:: Recorded information ::

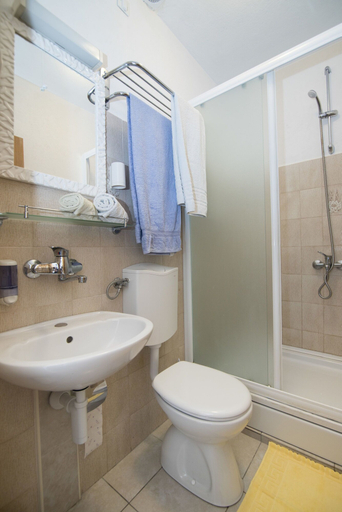 Bathroom 5, Apartments and Rooms Nikol, Hvar
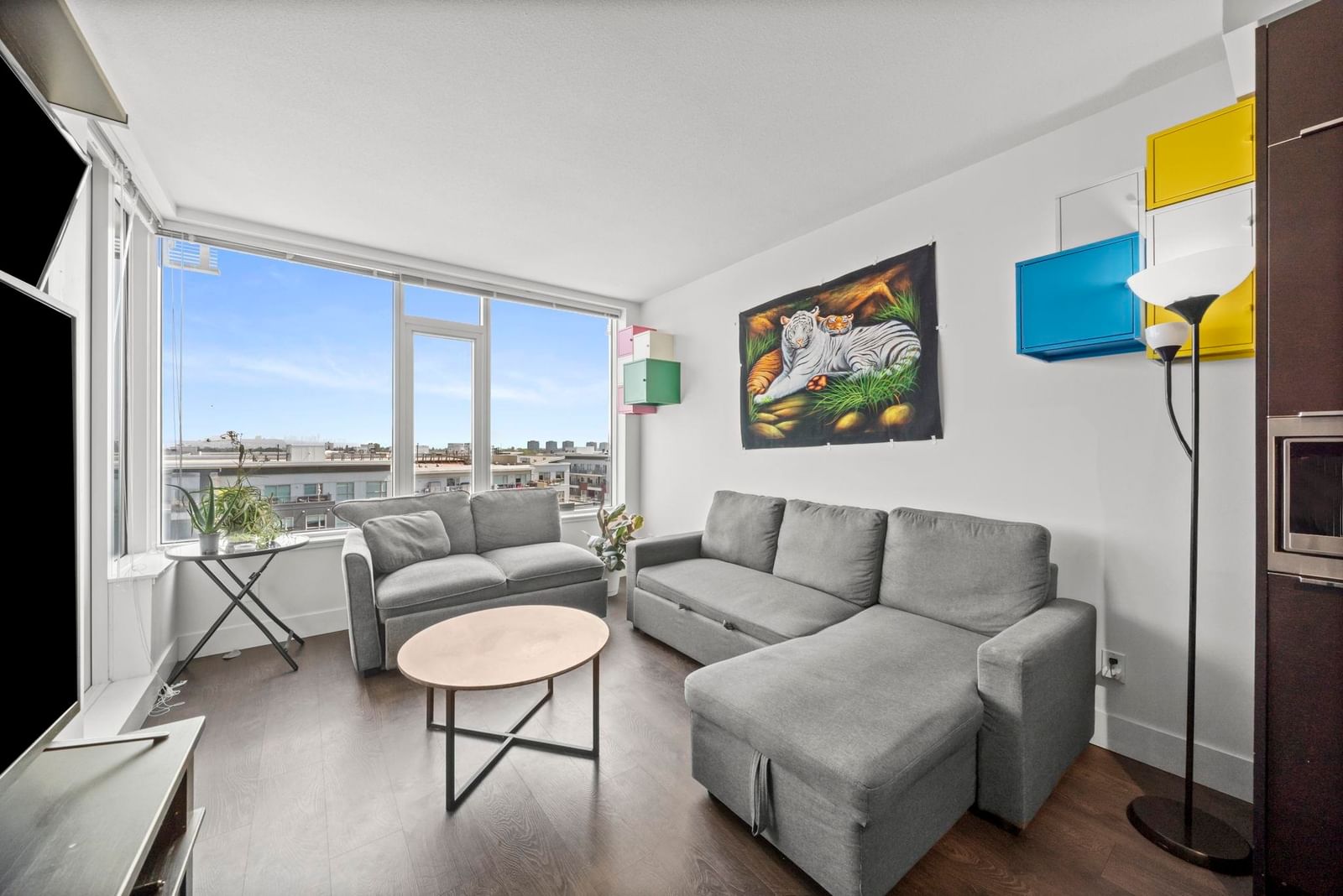 Listing Image 9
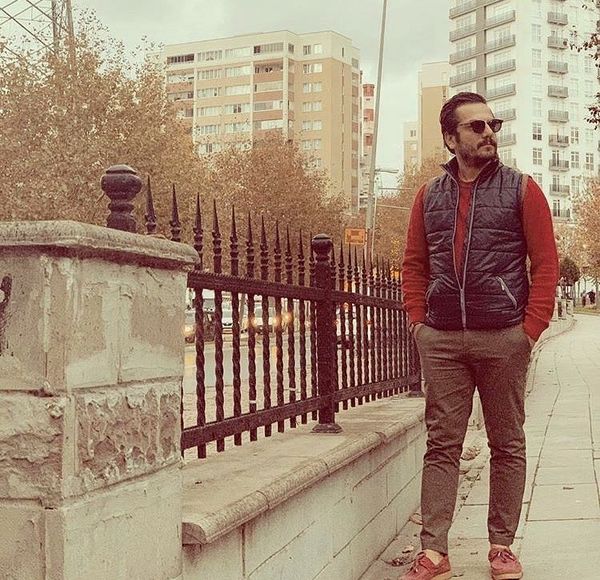 عباس غزالی در حال پیاده روی + عکس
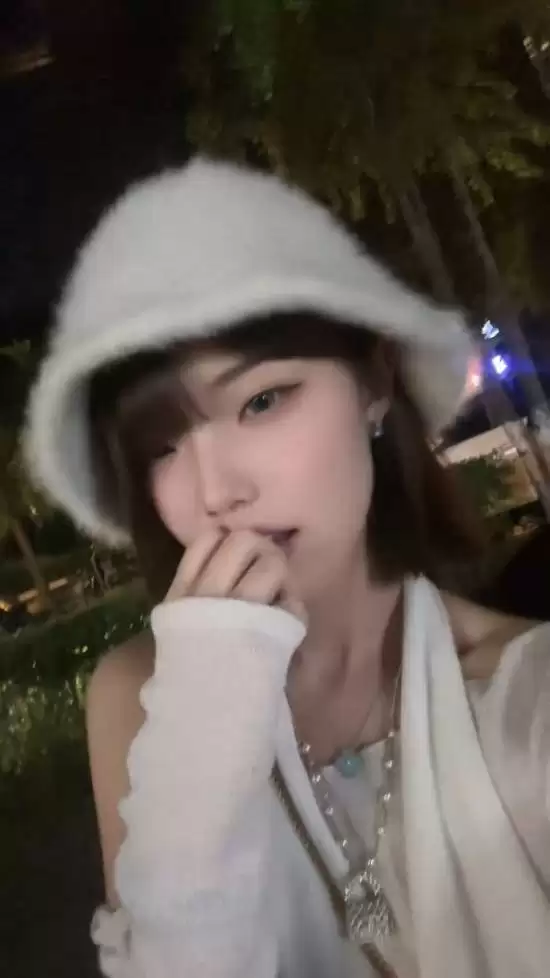 莎赫尔神似Faker引热议,与女版Deft合体出镜引爆网络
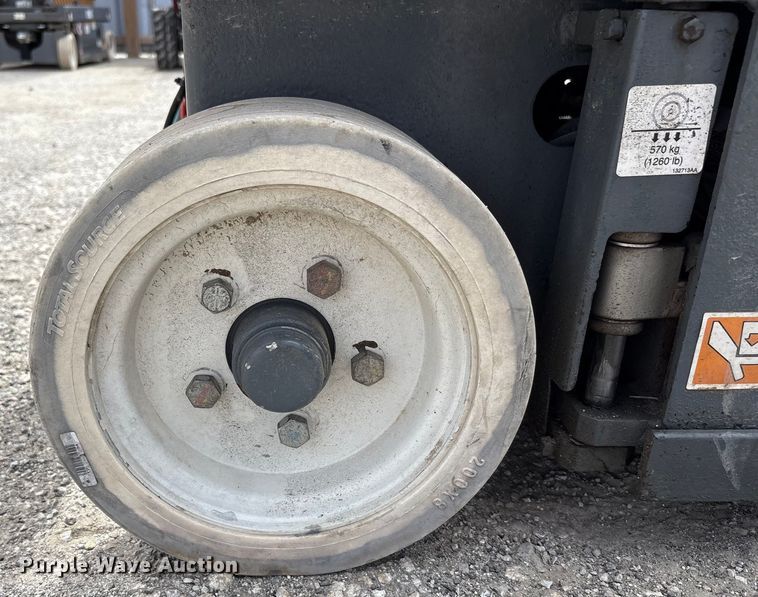 image for item EC4416 2016 Skyjack SJIII 3219 scissor lift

:: Work instruction ::
Be exact. Write out all the entries and omit the pictures.

:: Task solution ::
 Bathroom 5, Apartments and Rooms Nikol, Hvar
 Listing Image 9
 عباس غزالی در حال پیاده روی + عکس
 莎赫尔神似Faker引热议,与女版Deft合体出镜引爆网络
 image for item EC4416 2016 Skyjack SJIII 3219 scissor lift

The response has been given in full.